What you should do:
Print exactly the line that contains "heroine的视频 vk" along with every line beneath it to the end of the records below, and omit pictures.

■ ■ ■ ■ ■ ■ ■

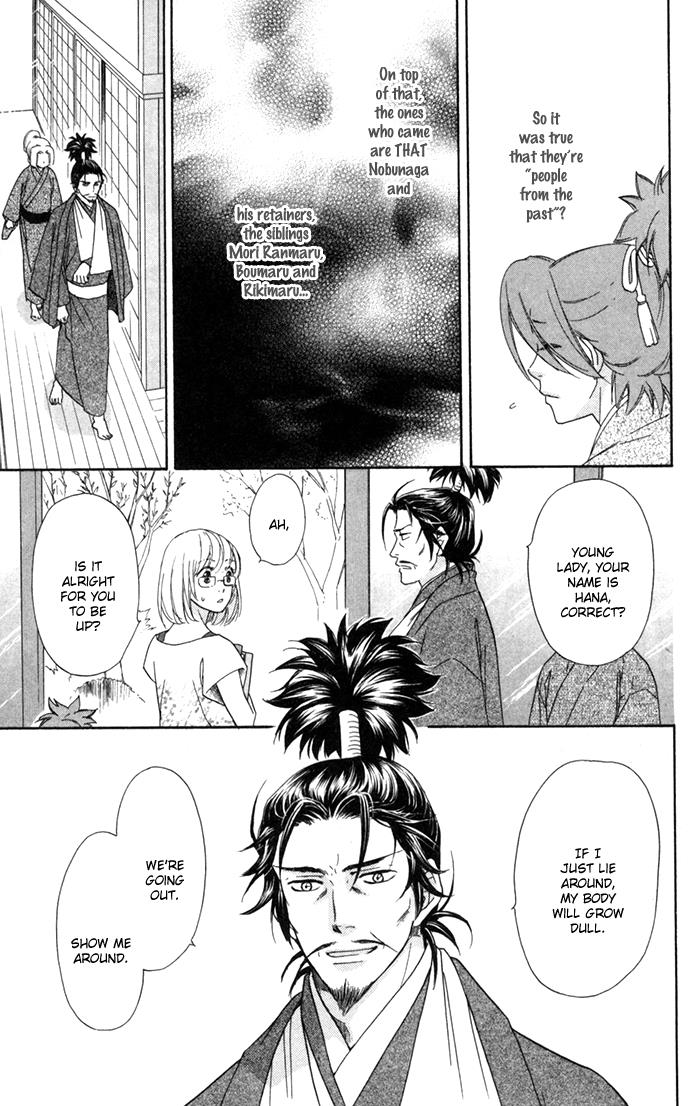 Page 29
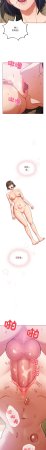 Oasisu Sosweet 傻傻病毒 傻瓜病毒 1-51 Chinese Decensored Ongoing - Page 517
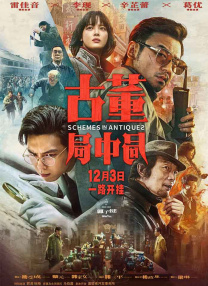 heroine的视频 vk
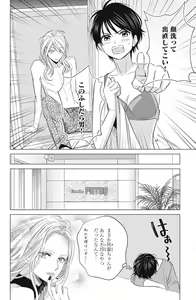 Page 54 of Sono Bijin (Otoko) Fushidara ni Tsuki 1-27 - preview thumbnail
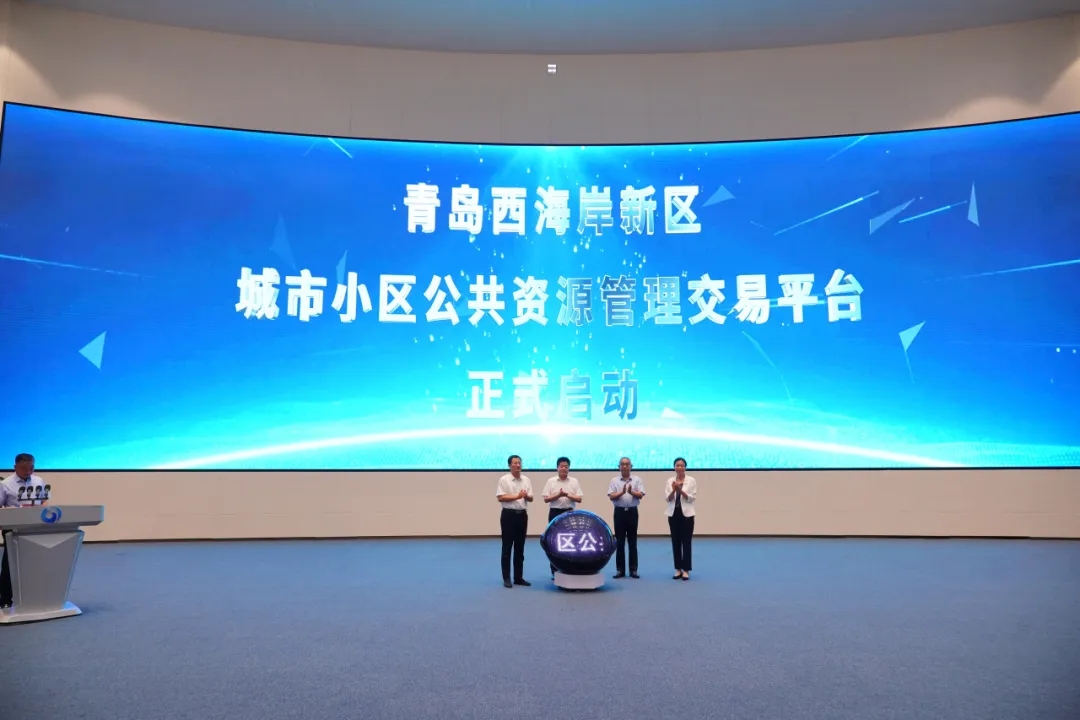 青島西海岸新區(qū)城市小區(qū)公共資源管理交易平臺(tái)正式啟動(dòng)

■ ■ ■ ■ ■ ■ ■

Exercise response:
 heroine的视频 vk
 Page 54 of Sono Bijin (Otoko) Fushidara ni Tsuki 1-27 - preview thumbnail
 青島西海岸新區(qū)城市小區(qū)公共資源管理交易平臺(tái)正式啟動(dòng)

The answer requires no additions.